What python can NOT do?

exarkun at twistedmatrix.com exarkun at twistedmatrix.com
Sat Aug 29 19:07:17 EDT 2009


On 10:23 pm, aahz at pythoncraft.com wrote:
>In article <4a998465$0$1637$742ec2ed at news.sonic.net>,
>John Nagle  <nagle at animats.com> wrote:
>>
>>    Personally, I consider Python to be a good language held back by
>>too-close ties to a naive interpreter implementation and the lack
>>of a formal standard for the language.
>
>Name one language under active development that has not been harmed by 
>a
>formal standard.  (I think C doesn't count -- there was relatively 
>little
>development of C after the standards process started.)

I think you must mean "harmed by a formal standard more than it has been 
helped", since that's clearly the interesting thing.

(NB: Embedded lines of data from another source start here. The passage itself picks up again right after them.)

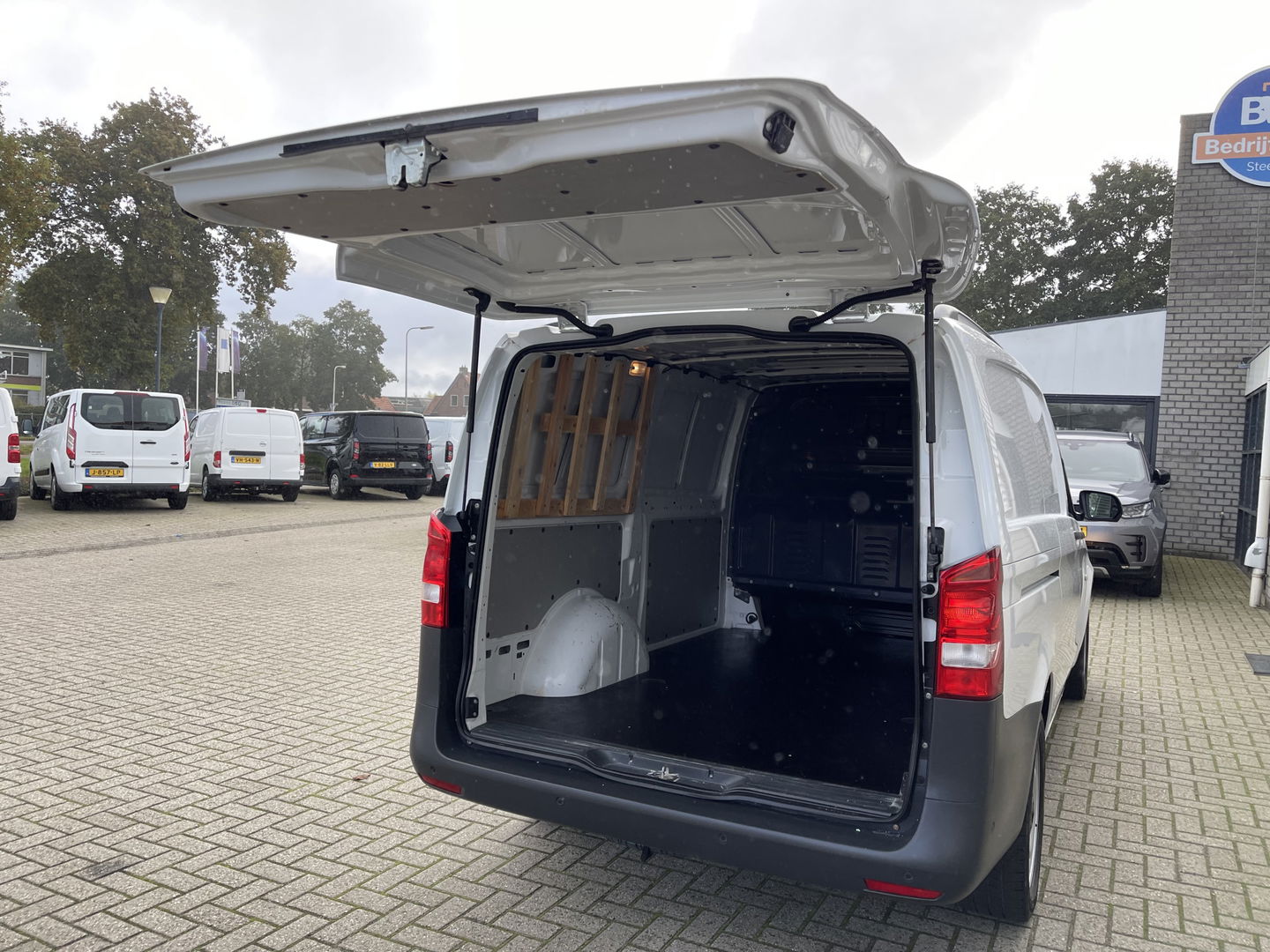 Mercedes-Benz Vito 119 CDI 190pk Lang L2H1 automaat / vaste prijs rijklaar € 20.950 ex / lease vanaf € 342 / airco / cruise / navi / camera / achterklep / euro 6 diesel / bpm vrij !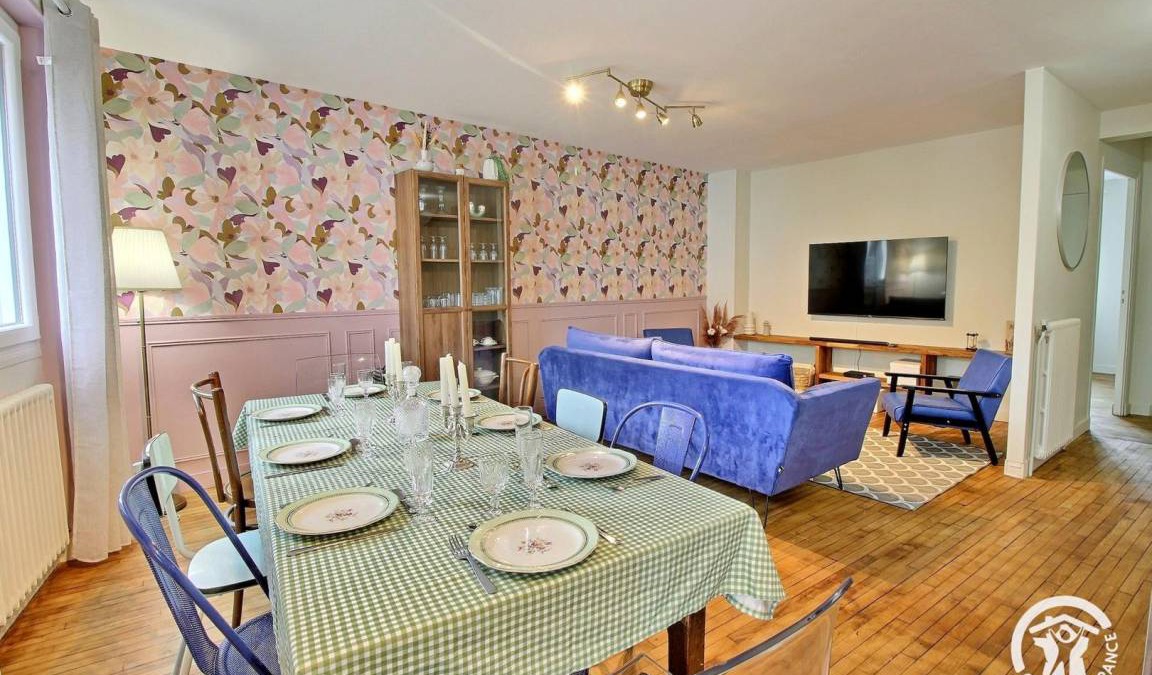 Pontivy House | 100 m² Gîte ∙ 4 bedrooms ∙ 9 guests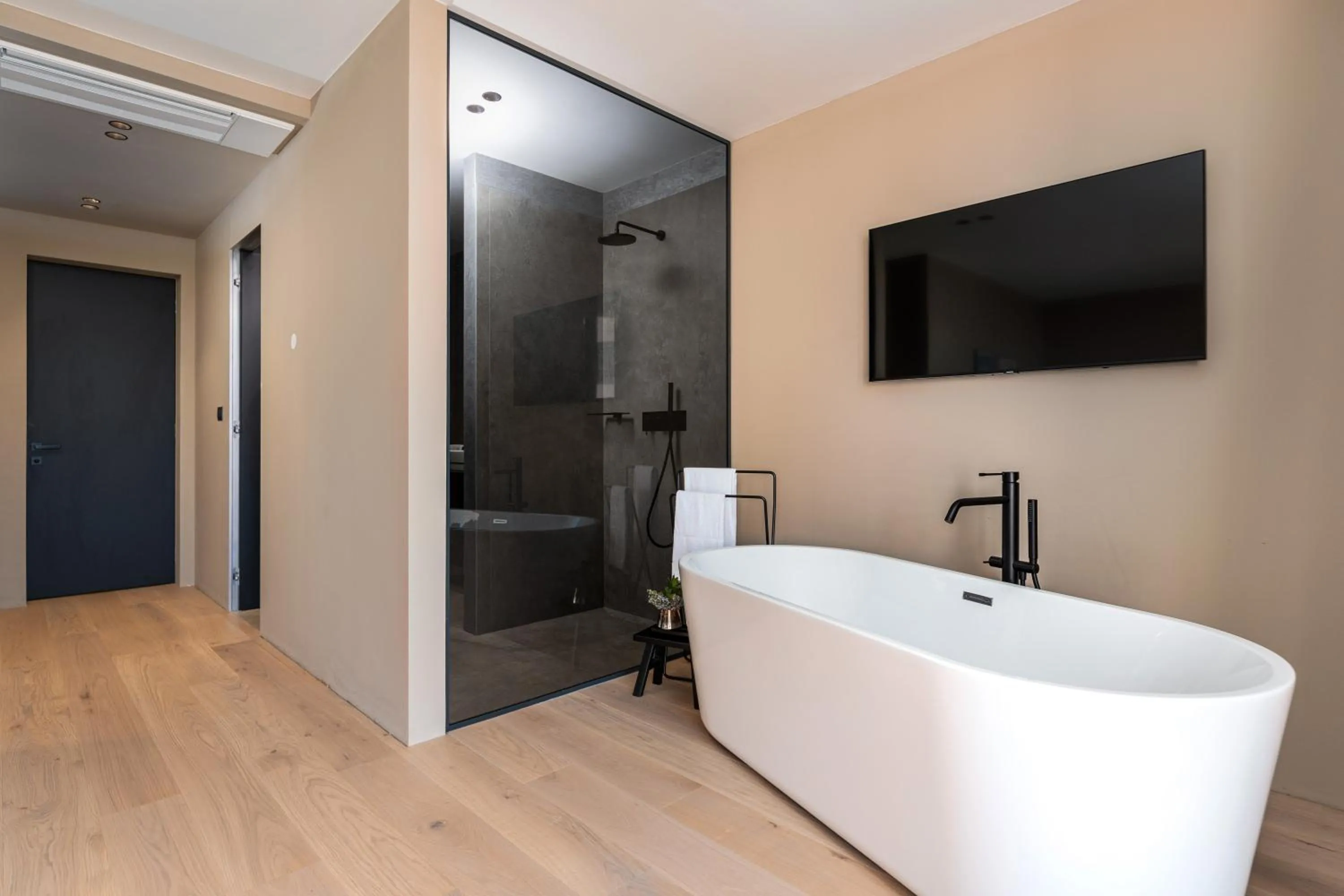 Shower in Luxury Villa Aruna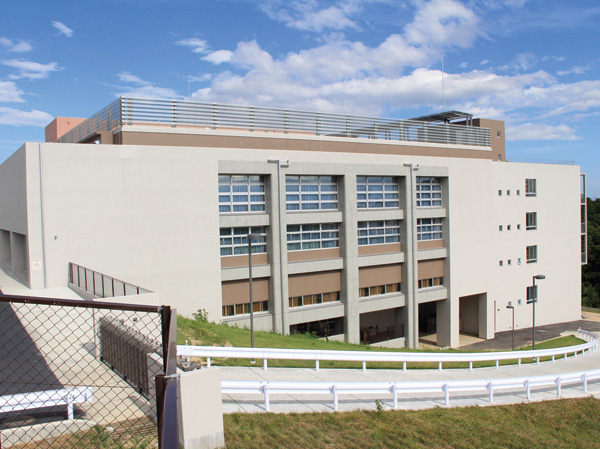 Surrounding environment. Machida Municipal Koyama Junior High School (about 2200m / 28 minutes walk) ※ 2012 opened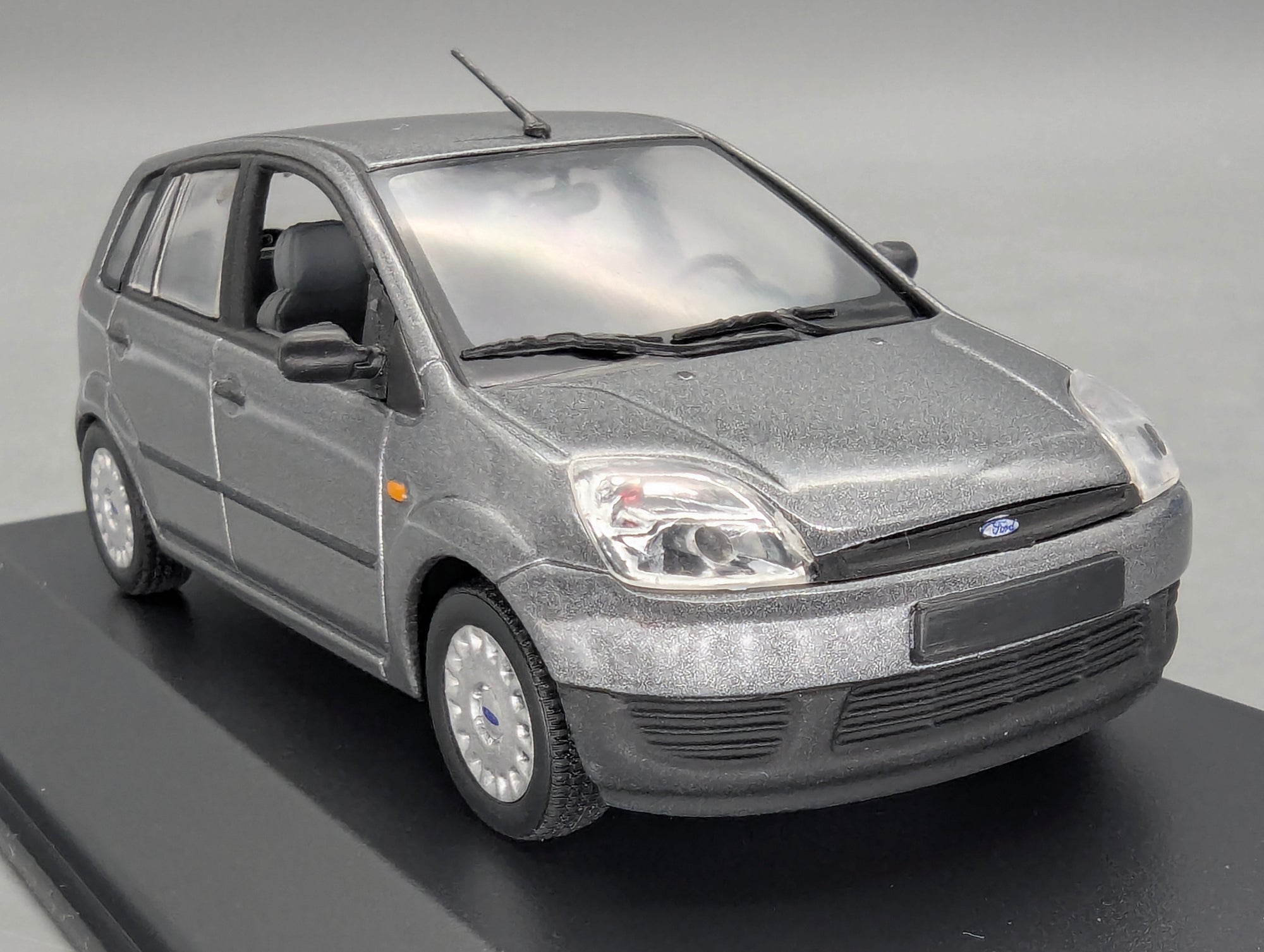 Modellautos 1:43 Minichamps Ford Fiesta Grau Metallic mit Dealer OVP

And it's a pretty difficult question to answer.  How do you quantify the 
harm done to a language by a standarization process?  How do you 
quantify the help?  These are extremely difficult things to measure 
objectively.

For my part, I will agree with John.  I feel like Python's big 
shortcomings stem from the areas he mentioned.  They're related to each 
other as well - the lack of a standard hampers the development of a less 
naive interpreter (either one based on CPython or another one).  It 
doesn't completely prevent such development (obviously, as CPython 
continues to undergo development, and there are a number of alternate 
runtimes for Python-like languages), but there's clearly a cost 
associated with the fact that in order to do this development, a lot of 
time has to be spent figuring out what Python *is*.  This is the kind of 
thing that a standard would help with.